# Try it:
Give back the records that follow exactly, images excluded.

# Excerpted data:
========================================
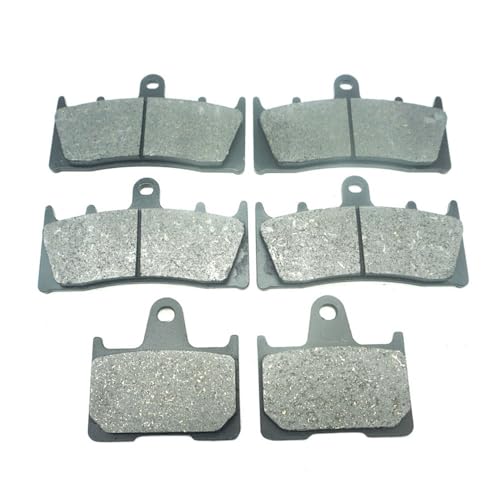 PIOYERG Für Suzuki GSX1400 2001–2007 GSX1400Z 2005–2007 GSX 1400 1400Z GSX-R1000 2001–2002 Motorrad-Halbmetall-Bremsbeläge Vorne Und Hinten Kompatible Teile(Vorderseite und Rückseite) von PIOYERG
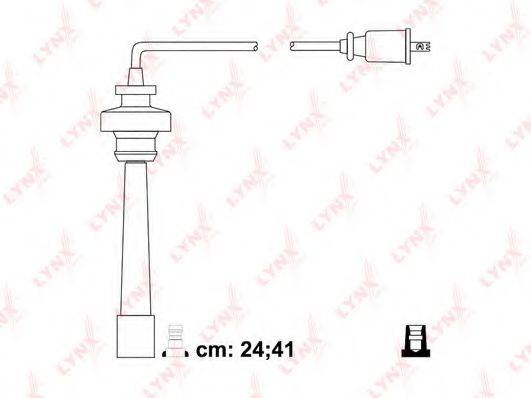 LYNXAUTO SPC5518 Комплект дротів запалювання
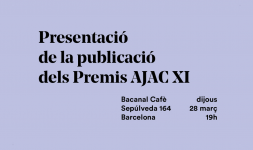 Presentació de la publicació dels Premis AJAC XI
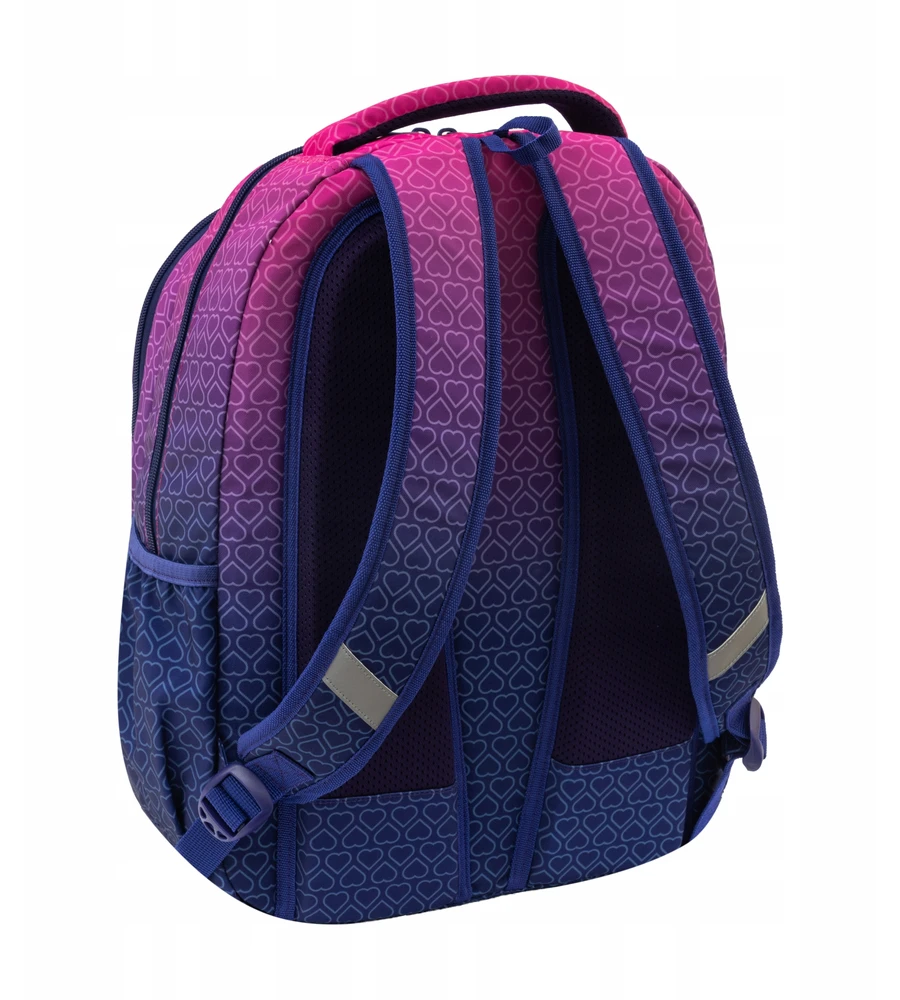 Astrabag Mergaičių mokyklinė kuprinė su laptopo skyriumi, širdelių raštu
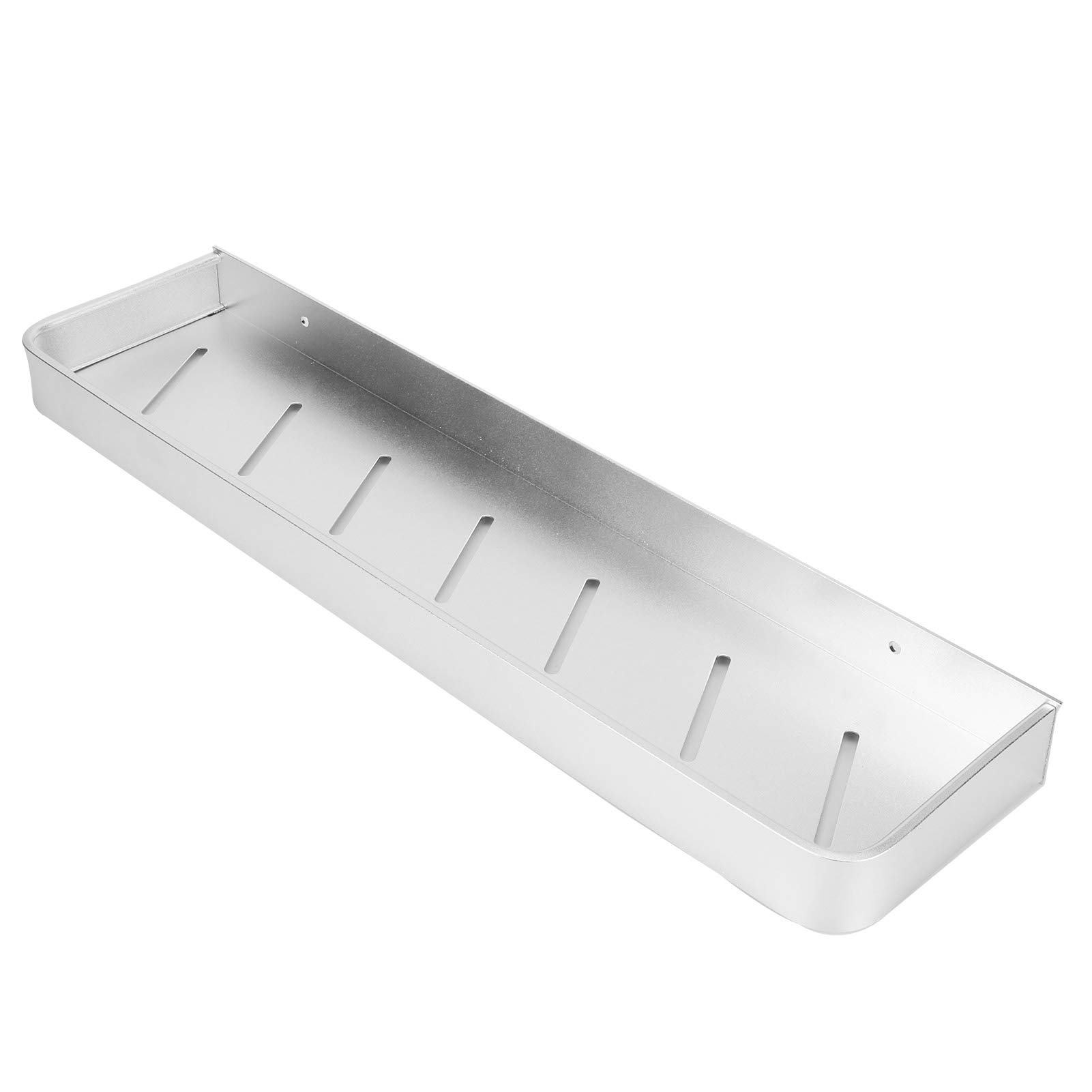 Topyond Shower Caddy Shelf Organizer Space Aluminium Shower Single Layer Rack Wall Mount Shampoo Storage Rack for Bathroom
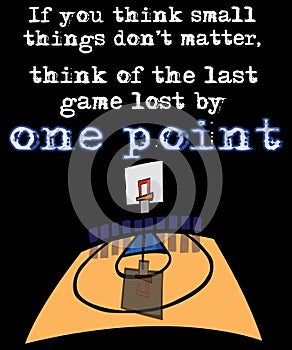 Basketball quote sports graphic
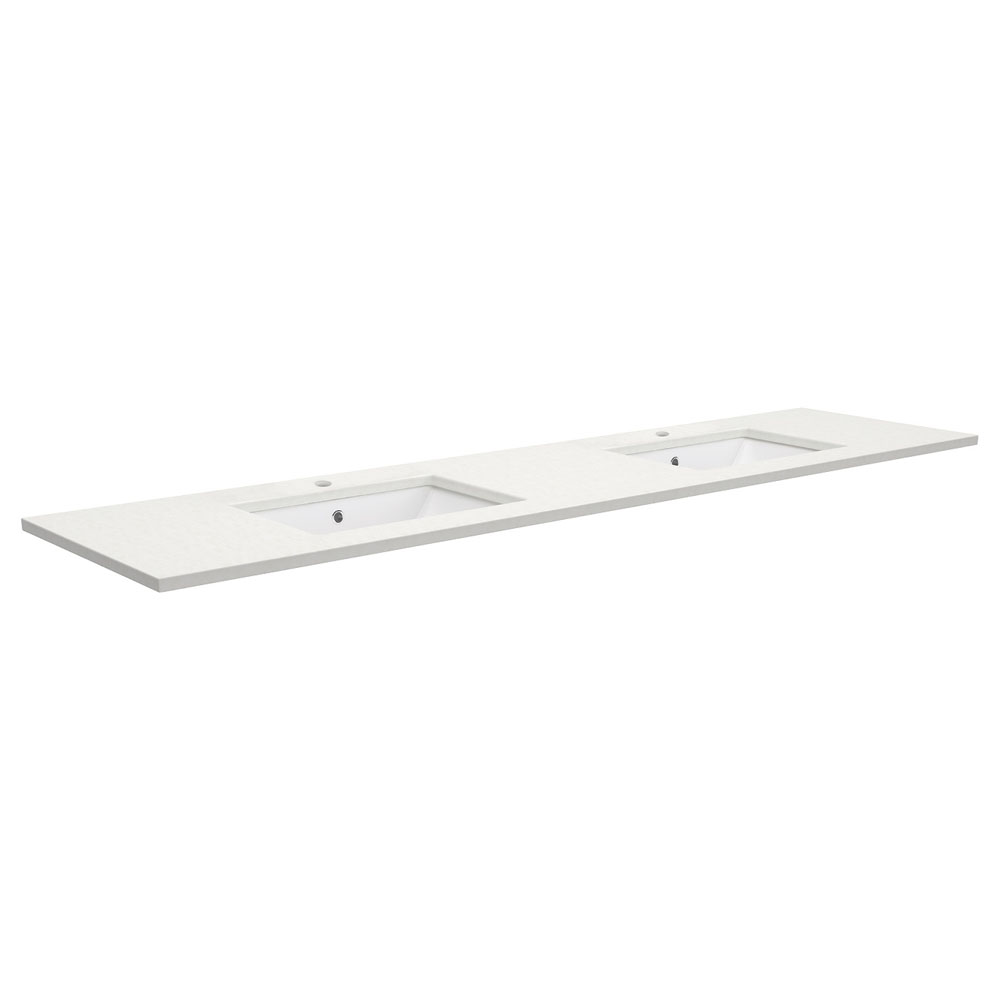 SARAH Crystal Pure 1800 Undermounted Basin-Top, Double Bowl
========================================
# Written response:
 PIOYERG Für Suzuki GSX1400 2001–2007 GSX1400Z 2005–2007 GSX 1400 1400Z GSX-R1000 2001–2002 Motorrad-Halbmetall-Bremsbeläge Vorne Und Hinten Kompatible Teile(Vorderseite und Rückseite) von PIOYERG
 LYNXAUTO SPC5518 Комплект дротів запалювання
 Presentació de la publicació dels Premis AJAC XI
 Astrabag Mergaičių mokyklinė kuprinė su laptopo skyriumi, širdelių raštu
 Topyond Shower Caddy Shelf Organizer Space Aluminium Shower Single Layer Rack Wall Mount Shampoo Storage Rack for Bathroom
 Basketball quote sports graphic
 SARAH Crystal Pure 1800 Undermounted Basin-Top, Double Bowl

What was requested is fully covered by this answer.